The developments underscored the difficulty facing Democrats in the Iraq debate: They lack the votes to pass legislation ordering troops home and are divided on whether to cut money for combat, despite a mandate by supporters to end the war.

Why are the Democrats still voting to give Bush what he wants despite the last election and polls showing the public opposes funding the war:
Most Americans oppose fully funding U.S. President George W. Bush's $190 billion request to fight the wars in Iraq and Afghanistan while a majority supports expanding a children's health care program he has threatened to veto, a Washington Post-ABC News poll shows.

The poll published on Tuesday also shows deep dissatisfaction with the president and with Congress, partly because of the stalemate between Democrats and the White House over Iraq policy, The Washington Post reported.

They are caving despite consistent historic low approval ratings for a screw-up of a president:
Bush's approval rating stands at 33 percent, equal to his all-time low in this poll and just 29 percent approve of the job Congress is doing -- a 14-point drop since Democrats took control in January, the newspaper said.
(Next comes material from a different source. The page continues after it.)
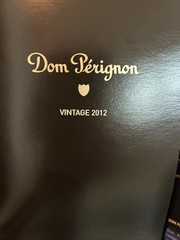 Dom Perignon Vintage 2012 Champagne Box, Bottle (empty) and Booklet – RARE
More than eight in 10 liberal Democrats said Congress has been too restrained in challenging Bush's Iraq policy; about the same percentage of conservative Republicans said it has been too aggressive and a narrow majority of independents, 53 percent, want Congress to do more, the Post reported.

Only about 25 percent of Americans support the administration's $190 billion war funding request; 70 percent want the proposed allocation reduced, the Post said.

Both parties have betrayed us again.